Groups | Search | Server Info | Keyboard shortcuts | Login | Register [http] [https] [nntp] [nntps]


Groups > comp.compilers > #2566

Re: Supporting multiple input syntaxes

From luser droog <mijoryx@yahoo.com.dmarc.email>
Newsgroups comp.compilers
Subject Re: Supporting multiple input syntaxes
Date 2020-08-23 19:35 -0700
Organization Compilers Central
Message-ID <20-08-014@comp.compilers> (permalink)
References <20-08-002@comp.compilers> <20-08-009@comp.compilers> <20-08-010@comp.compilers> <20-08-011@comp.compilers> <20-08-012@comp.compilers>

Show all headers | View raw


On Sunday, August 23, 2020 at 1:39:30 PM UTC-5, luser droog wrote:
> On Sunday, August 16, 2020 at 10:53:24 AM UTC-5, davidl...@gmail.com wrote:
> > My friend, reporting the furthest position examined by the parser I have [found]
> > useful in error cases as a simple stop gap when using a combinator approach.
> >
> > Thinking about it you kind of want to see the furthest failed position and the
> > stack of rules above it. Such requires meta information when the code is
> > written in the most natural way. For this reason and others I believe it is
> > good to represent your grammar in data structures which is further in the
> > direction of a compiler compiler tool (or compiler interpreter tool).
>
> Thanks. I've done some further investigating. I built my parsers following
> two papers. Hutton and Meijer, Monadic Parser Combinators
>   https://www.cs.nott.ac.uk/~pszgmh/monparsing.pdf
> and Hutton, Higher-Order Functions for Parsing
>   https://pdfs.semanticscholar.org/6669/f223fba59edaeed7fabe02b667809a5744d9.pdf
>
> The first adds error reporting using Monad Transformers. [...]>
> But the second paper does it differently, and maybe something I can do
> more easily. It redefines the parsers to no longer produce a list of results,
> so there's no longer support for ambiguity. Then it defines them to
> return a Maybe,
>
>   maybe * ::= Fail [char] | Error [char] | OK *
> .
> where the OK branch has the parse tree, and Fail or Error both contain an error
> message. It describes how a Fail can be transformed into an Error. But it isn't
> entirely clear where the messages get injected.
>
> Still need to do some thinking on it, but I think I can rewrite the parsers
> to follow this model, and then decorate my grammar with possible errors
> at each node.

I've made some progress. I wrote a new prototype following Hutton and
modified it to add position information to the character stream.
And then rewrote the parsers to produce the maybe structure and then
to collect rudimentary error messages.

For these, a positive and negative case in PostScript,

0 0 (abcd\ne) input-pos
(abc) str exec
pc
0 0 (abcd\ne) input-pos
(abd) str nofail exec
pq

I get this output:

$ gsnd -q -dNOSAFER pc11.ps
stack:
[/OK [[(a) [(b) [(c) []]]] [[(d) [0 3]] [[(\n) [0 4]] [[(e) [1 0]] null]]]]]
stack:
[/Error [[(after) (a)] [[(after) (b)] [[{(d) eq} (not satisfied)] [[(c) [0 2]] [[(d) [0 3]] [[(\n) [0 4]] [[(e) [1 0]] null]]]]]]]]

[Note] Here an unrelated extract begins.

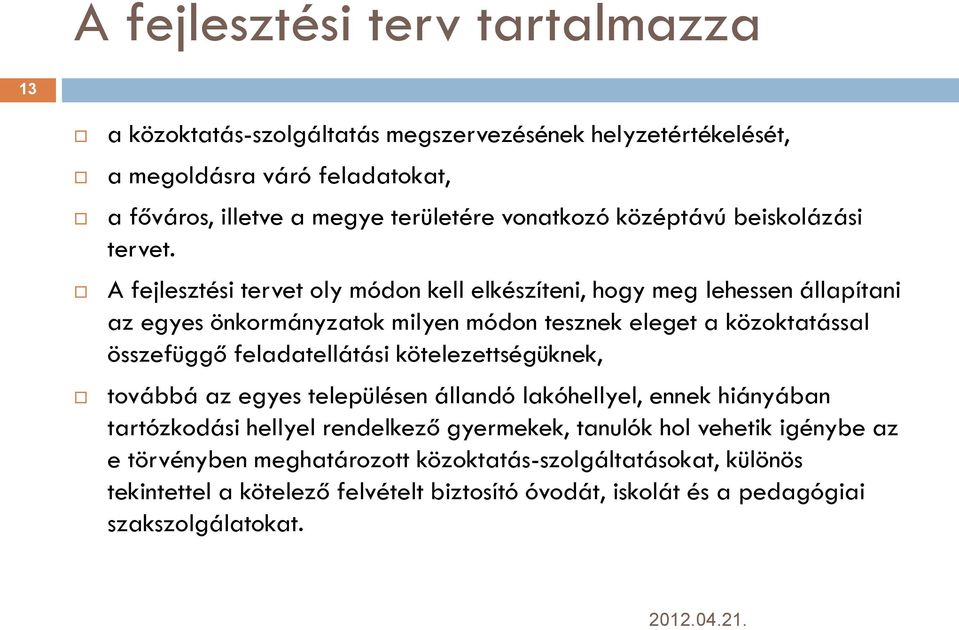 A fejlesztési tervet oly módon kell elkészíteni, hogy meg lehessen állapítani az egyes önkormányzatok milyen módon tesznek eleget a közoktatással összefüggő feladatellátási
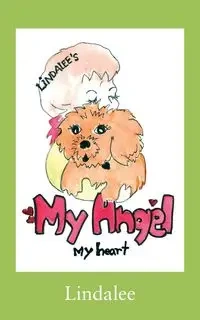 My Angel, My Heart - Lindalee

So, this indicates that I *can* modify my C parsers to produce error
messages. The remaining input list has the position information for
where the error occurred, [(c) [0 2]].

Following the prototype, I modified the input functions to add positions
for each character and modified the base parser item() to detect and
remove the position stuff before it passes into the rest of the machinery.

The next hurdle was making the extra position information work with
the Unicode filters ucs4_from_utf8() and utf8_from_ucs4(). And that
all appears to be working now.

But that's probably the end of the story for now. Got to gear up for
Operating Systems and Advanced Web Dev with Jave.

Thanks to everyone for the help, esp. Kaz with the brilliant suggestion
to pass a language id token between tokenizer and parser.


Ps. the prototype is written in PostScript extended with function syntax.
https://github.com/luser-dr00g/pcomb/blob/master/ps/pc11.ps
https://codereview.stackexchange.com/questions/193520/an-enhanced-syntax-for-defining-functions-in-postscript

--
l droog
[Why Postscript?  I realize it's Turing complete, but it seems odd to run ones parser on a printer. -John]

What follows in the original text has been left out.